= EXERCISE PROMPT =
Whenever "Volkswagen" occurs in a line of the material, list that line.
<<<<
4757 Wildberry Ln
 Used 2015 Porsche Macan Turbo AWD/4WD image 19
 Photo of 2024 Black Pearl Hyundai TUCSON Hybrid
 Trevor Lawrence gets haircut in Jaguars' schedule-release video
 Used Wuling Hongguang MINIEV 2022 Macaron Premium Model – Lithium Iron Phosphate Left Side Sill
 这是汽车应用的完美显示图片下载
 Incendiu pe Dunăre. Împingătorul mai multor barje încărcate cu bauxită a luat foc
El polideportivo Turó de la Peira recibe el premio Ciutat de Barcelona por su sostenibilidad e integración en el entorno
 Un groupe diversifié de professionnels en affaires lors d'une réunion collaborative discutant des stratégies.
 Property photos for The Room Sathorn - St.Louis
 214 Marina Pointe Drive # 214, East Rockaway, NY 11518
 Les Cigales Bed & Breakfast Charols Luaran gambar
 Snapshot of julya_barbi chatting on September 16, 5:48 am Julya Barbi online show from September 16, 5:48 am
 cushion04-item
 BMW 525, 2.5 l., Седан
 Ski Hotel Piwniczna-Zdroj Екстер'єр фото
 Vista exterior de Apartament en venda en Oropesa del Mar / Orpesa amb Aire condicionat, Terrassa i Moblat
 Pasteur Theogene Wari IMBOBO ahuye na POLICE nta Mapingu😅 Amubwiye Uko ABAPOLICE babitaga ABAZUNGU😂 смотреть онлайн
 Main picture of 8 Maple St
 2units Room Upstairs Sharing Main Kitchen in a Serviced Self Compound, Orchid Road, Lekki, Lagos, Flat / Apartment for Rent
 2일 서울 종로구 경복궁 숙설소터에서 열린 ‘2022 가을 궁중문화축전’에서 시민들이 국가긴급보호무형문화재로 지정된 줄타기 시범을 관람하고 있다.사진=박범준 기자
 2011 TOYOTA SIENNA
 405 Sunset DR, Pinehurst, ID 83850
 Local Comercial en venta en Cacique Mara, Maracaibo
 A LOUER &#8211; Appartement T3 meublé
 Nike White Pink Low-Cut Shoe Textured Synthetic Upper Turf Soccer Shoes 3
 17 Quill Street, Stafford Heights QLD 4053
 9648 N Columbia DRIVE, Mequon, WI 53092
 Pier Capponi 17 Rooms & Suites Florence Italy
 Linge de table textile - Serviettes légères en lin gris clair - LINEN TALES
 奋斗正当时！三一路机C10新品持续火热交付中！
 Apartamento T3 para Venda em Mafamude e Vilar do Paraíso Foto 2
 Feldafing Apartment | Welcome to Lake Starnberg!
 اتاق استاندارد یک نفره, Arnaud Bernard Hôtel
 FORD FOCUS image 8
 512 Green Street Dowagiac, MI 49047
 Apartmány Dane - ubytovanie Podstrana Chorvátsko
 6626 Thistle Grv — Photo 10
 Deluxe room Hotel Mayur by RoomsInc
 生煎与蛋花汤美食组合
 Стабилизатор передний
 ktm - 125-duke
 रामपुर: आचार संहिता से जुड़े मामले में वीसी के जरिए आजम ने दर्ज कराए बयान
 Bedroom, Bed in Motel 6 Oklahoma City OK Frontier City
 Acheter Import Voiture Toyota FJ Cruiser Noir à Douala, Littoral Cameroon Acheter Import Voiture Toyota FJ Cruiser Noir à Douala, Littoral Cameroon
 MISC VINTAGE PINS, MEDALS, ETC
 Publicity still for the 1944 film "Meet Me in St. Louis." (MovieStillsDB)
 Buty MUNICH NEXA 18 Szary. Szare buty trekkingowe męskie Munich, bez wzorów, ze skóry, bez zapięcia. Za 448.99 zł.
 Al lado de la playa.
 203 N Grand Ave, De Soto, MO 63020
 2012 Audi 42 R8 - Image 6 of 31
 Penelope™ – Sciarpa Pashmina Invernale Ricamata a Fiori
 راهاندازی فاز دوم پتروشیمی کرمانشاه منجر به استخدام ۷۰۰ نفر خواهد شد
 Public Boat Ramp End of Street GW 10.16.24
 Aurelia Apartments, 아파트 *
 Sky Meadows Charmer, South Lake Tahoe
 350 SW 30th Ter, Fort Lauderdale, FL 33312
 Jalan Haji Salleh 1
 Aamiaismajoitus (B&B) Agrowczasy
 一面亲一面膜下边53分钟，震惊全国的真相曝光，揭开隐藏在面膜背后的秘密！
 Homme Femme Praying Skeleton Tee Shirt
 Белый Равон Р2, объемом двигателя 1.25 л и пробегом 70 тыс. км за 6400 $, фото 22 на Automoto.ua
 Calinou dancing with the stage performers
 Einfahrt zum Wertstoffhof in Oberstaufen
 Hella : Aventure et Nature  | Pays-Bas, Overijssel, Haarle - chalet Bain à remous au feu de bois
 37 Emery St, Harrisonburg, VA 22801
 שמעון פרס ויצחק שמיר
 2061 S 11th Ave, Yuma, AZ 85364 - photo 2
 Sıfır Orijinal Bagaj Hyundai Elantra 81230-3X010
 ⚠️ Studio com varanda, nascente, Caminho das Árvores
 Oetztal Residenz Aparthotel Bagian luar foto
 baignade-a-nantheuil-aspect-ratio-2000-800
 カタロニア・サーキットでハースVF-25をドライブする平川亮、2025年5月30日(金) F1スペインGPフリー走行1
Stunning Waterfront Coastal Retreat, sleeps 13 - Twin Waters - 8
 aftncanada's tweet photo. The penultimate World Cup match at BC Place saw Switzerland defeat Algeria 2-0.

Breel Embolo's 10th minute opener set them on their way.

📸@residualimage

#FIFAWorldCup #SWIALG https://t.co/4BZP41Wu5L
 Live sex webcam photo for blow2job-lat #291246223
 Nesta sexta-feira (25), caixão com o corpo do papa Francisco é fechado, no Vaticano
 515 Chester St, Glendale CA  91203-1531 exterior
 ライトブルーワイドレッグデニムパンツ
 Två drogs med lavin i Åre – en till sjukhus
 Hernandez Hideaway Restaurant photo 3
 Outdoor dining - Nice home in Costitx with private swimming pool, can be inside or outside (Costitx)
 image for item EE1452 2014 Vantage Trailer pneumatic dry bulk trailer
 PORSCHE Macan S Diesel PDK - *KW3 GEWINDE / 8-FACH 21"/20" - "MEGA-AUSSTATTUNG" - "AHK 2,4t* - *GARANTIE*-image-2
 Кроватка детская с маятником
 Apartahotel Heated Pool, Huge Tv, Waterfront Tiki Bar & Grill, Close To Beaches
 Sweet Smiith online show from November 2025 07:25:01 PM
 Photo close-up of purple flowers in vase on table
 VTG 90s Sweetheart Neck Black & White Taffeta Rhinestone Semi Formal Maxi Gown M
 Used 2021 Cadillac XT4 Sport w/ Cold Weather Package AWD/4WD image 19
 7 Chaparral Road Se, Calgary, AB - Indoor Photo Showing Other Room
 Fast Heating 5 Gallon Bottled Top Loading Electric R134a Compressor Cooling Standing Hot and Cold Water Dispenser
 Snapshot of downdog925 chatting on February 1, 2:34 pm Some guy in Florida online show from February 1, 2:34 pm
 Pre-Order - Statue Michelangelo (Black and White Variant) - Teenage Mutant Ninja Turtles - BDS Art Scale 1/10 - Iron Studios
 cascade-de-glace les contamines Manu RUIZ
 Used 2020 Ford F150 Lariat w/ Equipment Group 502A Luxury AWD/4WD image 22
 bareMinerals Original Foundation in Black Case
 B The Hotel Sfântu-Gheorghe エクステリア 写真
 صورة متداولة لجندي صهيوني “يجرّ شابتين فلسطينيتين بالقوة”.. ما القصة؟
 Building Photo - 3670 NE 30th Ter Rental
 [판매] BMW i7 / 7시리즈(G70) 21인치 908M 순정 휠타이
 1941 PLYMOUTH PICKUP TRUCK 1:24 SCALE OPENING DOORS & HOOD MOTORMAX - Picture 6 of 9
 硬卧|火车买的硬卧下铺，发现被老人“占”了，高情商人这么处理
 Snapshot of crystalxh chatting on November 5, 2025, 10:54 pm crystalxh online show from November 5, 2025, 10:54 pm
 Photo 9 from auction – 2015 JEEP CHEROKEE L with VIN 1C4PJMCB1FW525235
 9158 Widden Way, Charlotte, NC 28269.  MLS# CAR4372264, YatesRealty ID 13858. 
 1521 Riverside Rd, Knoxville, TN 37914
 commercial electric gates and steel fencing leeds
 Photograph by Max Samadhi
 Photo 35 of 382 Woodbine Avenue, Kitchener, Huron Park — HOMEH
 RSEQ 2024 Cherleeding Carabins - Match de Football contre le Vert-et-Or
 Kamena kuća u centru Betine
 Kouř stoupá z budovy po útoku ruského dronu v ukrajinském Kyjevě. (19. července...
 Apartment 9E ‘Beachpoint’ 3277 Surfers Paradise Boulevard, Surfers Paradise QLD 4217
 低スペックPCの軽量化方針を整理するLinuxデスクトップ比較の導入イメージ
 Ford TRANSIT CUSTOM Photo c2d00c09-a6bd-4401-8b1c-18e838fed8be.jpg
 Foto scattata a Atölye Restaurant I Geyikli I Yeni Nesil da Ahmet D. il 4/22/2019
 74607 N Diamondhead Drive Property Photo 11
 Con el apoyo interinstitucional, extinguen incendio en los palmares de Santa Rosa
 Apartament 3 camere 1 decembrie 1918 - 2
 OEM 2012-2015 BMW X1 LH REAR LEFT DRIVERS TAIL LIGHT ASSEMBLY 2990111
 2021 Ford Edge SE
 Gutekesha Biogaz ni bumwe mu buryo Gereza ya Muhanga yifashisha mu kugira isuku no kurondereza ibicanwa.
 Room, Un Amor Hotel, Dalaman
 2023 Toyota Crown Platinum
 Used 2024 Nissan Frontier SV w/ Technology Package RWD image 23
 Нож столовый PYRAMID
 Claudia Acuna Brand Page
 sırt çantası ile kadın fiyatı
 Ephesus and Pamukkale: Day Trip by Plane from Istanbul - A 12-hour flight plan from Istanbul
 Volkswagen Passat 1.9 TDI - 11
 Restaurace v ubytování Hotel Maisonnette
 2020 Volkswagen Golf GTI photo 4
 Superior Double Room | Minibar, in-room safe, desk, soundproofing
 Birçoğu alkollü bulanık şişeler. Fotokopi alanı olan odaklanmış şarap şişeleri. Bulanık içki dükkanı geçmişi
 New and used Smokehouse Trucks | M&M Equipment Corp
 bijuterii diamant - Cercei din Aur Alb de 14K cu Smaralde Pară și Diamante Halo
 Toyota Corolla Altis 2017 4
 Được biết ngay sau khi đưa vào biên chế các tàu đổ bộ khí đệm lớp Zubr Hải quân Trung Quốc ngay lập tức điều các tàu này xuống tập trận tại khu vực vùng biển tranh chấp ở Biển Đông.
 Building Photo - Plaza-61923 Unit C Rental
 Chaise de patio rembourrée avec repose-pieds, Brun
>>>>
= RESPONSE =
 Volkswagen Passat 1.9 TDI - 11
 2020 Volkswagen Golf GTI photo 4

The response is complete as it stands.